Court Opinion

ID: 9771877
Source: CourtListenerOpinion
Date Created: 2023-08-29 16:57:30.207777+00
Date Added: 2024-06-11T07:31:38.799343
License: Public Domain

REEVES, Justice,
concurring in part and dissenting in part.
While I concur with most of the majority’s opinion in this case delivered on April 30, 1986, I respectfully dissent to that portion of the majority’s opinion which places the burden on the movant to prove beyond a reasonable doubt that the respondent has the ability to make the child support payments. The majority seems to base their reasoning, in part, upon Lowry v. State, 692 S.W.2d 86 (Tex.Crim.App.1985) (en banc).
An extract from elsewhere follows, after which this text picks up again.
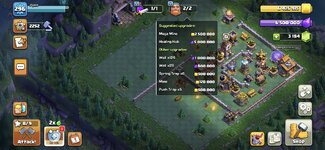 Screenshot_20260328_192411_Clash of Clans.jpg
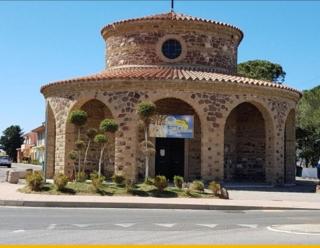 VENTUS DOMUS - Valledoria - 7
In Lowry, the respondent was charged with intentionally and knowingly failing “to provide support that he can provide ... for his children ... ”. TEX.PENAL CODE ANN. § 25.05. The Court of Criminal Appeals found unconstitutional that part of the statute which stated that “It is an affirmative defense ... that the actor could not provide the support that he was legally obligated to provide” since the statute shifts the burden of disproving an element of the offense to the defendant, in violation of the due process clause of the Constitution. In a child support enforcement action, respondent’s inability to pay is not an element of the offense of nonsupport; it is a defense to the charge of contempt.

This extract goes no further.